## Source records

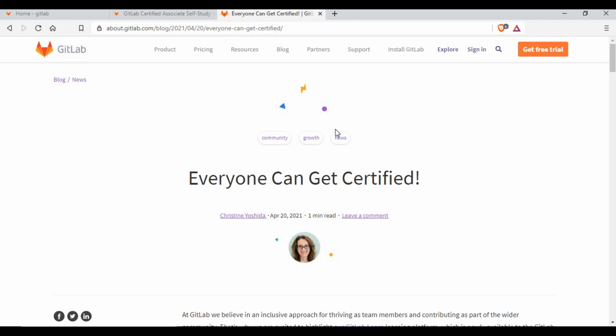Hello friends, welcome back to my channel. I'm back with an exciting offer from GitLab. I just noticed this opportunity published yesterday, April 20th, 2021, and I didn't want to miss it. I also wanted to share this with my community. It's a coincidence that I started a tutorial on Git a few days ago, and this is the right opportunity for everyone who wants to learn Git. GitLab is giving a completely free certification for the GitLab Certified Associate Program.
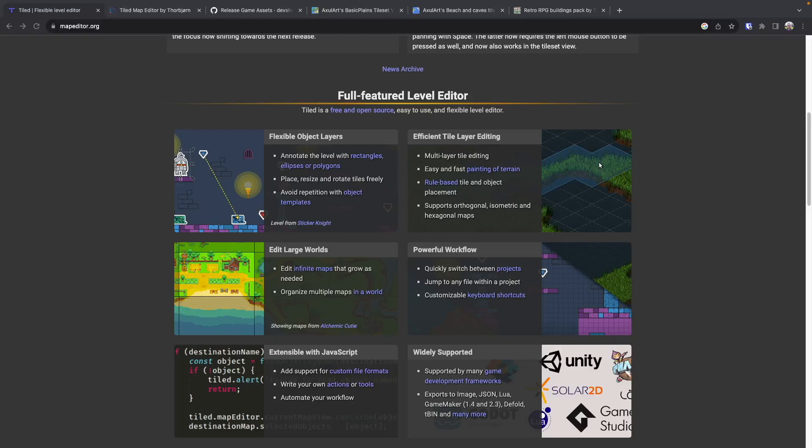Welcome back to Monster Tamer, a 2D Pokemon-like RPG created in Phaser 3. Previously, we worked on adding collisions to our world scene, and we used a JSON file that was exported from Tiled. If you missed the previous videos, there'll be links in the video description to get source code up to this point.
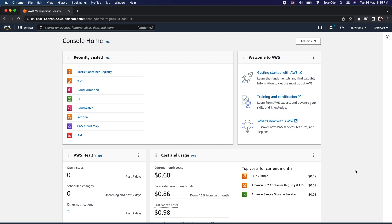Let's say you have deployed a few resources via a CloudFormation stack and at some point you want to delete the stack, but at the same time you also want to retain a few resources and delete the rest. In order to control the deletion behavior of resources, we can use the deletion policy attribute for the resources for which we want to control the deletion behavior.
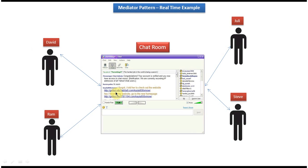So here chatroom is acting as a mediator between multiple users. So this is the best example of Mediator Design Pattern.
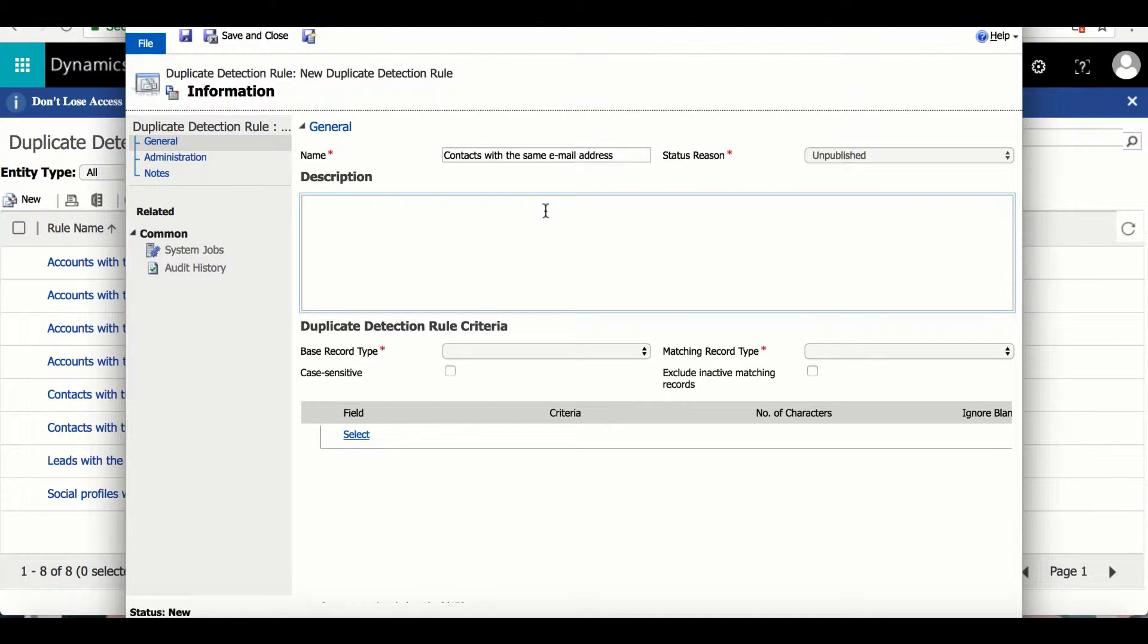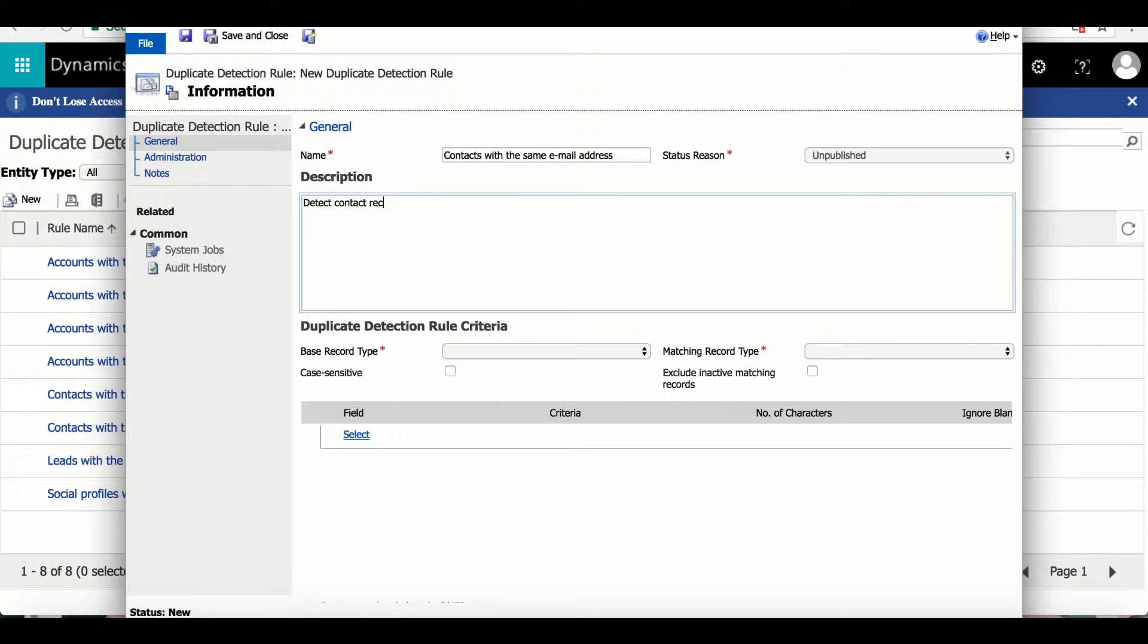Now I want this description to correspond with the name and reflect what I want the rule to detect. So for the description, I'm going to input Detect Contact Records that have the same value in the email address field.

## Exercise
Word for word, repeat all the data, but not its images.

## Task output
Hello friends, welcome back to my channel. I'm back with an exciting offer from GitLab. I just noticed this opportunity published yesterday, April 20th, 2021, and I didn't want to miss it. I also wanted to share this with my community. It's a coincidence that I started a tutorial on Git a few days ago, and this is the right opportunity for everyone who wants to learn Git. GitLab is giving a completely free certification for the GitLab Certified Associate Program.
Welcome back to Monster Tamer, a 2D Pokemon-like RPG created in Phaser 3. Previously, we worked on adding collisions to our world scene, and we used a JSON file that was exported from Tiled. If you missed the previous videos, there'll be links in the video description to get source code up to this point.
Let's say you have deployed a few resources via a CloudFormation stack and at some point you want to delete the stack, but at the same time you also want to retain a few resources and delete the rest. In order to control the deletion behavior of resources, we can use the deletion policy attribute for the resources for which we want to control the deletion behavior.
So here chatroom is acting as a mediator between multiple users. So this is the best example of Mediator Design Pattern.
Now I want this description to correspond with the name and reflect what I want the rule to detect. So for the description, I'm going to input Detect Contact Records that have the same value in the email address field.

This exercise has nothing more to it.